In reply to ben@SystemVerilog.us:

I believe you can use wait fork instead of creating a vector, just keep in mind that specifying wait fork causes the calling process to block until all its immediate child subprocesses have completed, as described in the LRM section 9.6.1 Wait fork statement


   repeat(10) begin // this could be a for loop with the automatic k = i
      fork
        A(); //call A
      join_none
   end
   wait fork; // wait for all spawned tasks to complete
   B(); // execute B

For example

module m();
 
  task automatic A();
    int unsigned w; 
    w = $urandom_range(1, 20);
    #w;
    $display("Task A. w= %0d Time = %0t", w, $realtime);
  endtask
 
  task automatic B();
    int unsigned w; 
    w = $urandom_range(1, 10);
    #w;
    $display("Task B. w = %0d Time = %0t", w, $realtime);
  endtask
 

  task automatic t();
    repeat(10) begin
      fork
        A();
      join_none
    end
    wait fork;
    B();
  endtask
 
  initial begin
    t();
  end
 
endmodule

# KERNEL: Task A. w= 1 Time = 1
# KERNEL: Task A. w= 2 Time = 2
# KERNEL: Task A. w= 3 Time = 3
# KERNEL: Task A. w= 5 Time = 5
# KERNEL: Task A. w= 5 Time = 5
# KERNEL: Task A. w= 10 Time = 10
# KERNEL: Task A. w= 12 Time = 12
# KERNEL: Task A. w= 14 Time = 14
# KERNEL: Task A. w= 18 Time = 18
# KERNEL: Task A. w= 18 Time = 18
# KERNEL: Task B. w = 9 Time = 27

If you require a fine control of each process you can look in to the LRM section 9.7 Fine-grain process control

HTH,
-R

In reply to rgarcia07:

Many thanks for your comments about the wait fork; I like it.

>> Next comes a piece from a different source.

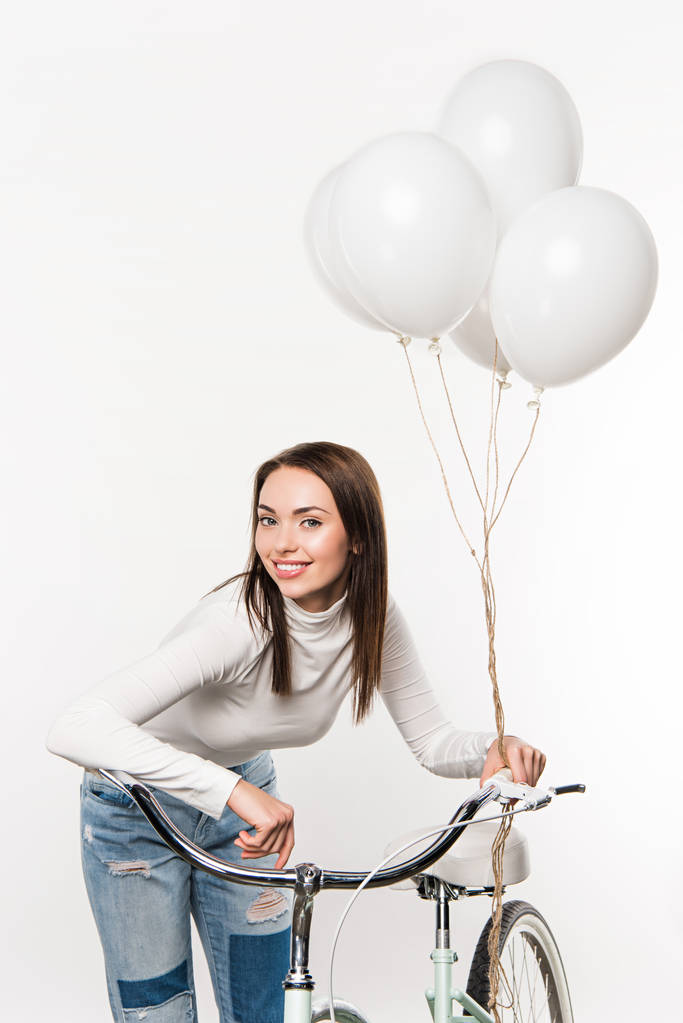 Kobieta, opierając się na rowerze z balonów - Zdjęcie, obraz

On a separate thought, I figured out why the “j” in the following code is 10 and why I need the “k”.


task automatic t();
    for (int j = 0; j <= 9; j++) begin
      int k = j;
      // #10;
      fork
        begin
          $display("j %0d k %0d ",j,k);
          A(j); // A(k);
        end
      join_none
    end
  endtask

It’s because “j” acts like a local variable and all these A(j) task calls get pushed into a queue.
When they get processed they use the current value of “j” that is now 10.
One would have thought that the value would have been the value of “j” in the loop cycle it was
initiated.

In reply to vk7715:

Try the following code: , I added an automatic int i, since in your code due to fork and for combination , for looped through to last iteration.

module fork_join;
 
  event a;
  task A(input int i);
    $display("Task A. Time = %0t, i = %0d", $time, i);
  endtask
 
  task B(i);
    $display("Task B. Time = %0t, i = %0d", $time, i);
  endtask
 
  initial begin
       for(int j = 0; j < 10; j++) begin
      automatic int i=j;
      fork
        A(i);
      join_none
    end
    ->a;
 
    @(a);
    B(2);
  end
 
endmodule

In reply to vk7715:

Can you please explain why the values of i are 9 down to 0 when the loop is incrementing in an ascending fashion?

I think this is how compiler schedules it.
Getting different prints for same code with Mentor and Synopsys compilers.

// Questa Sim-64

// Version 2021.3 linux_x86_64 Jul 13 2021

the values of i are 9 down to 0

Synopsys

Compiler version S-2021.09; Runtime version S-2021.09; Oct 31 08:58 2022
the values of i are 0 to 9

1 Like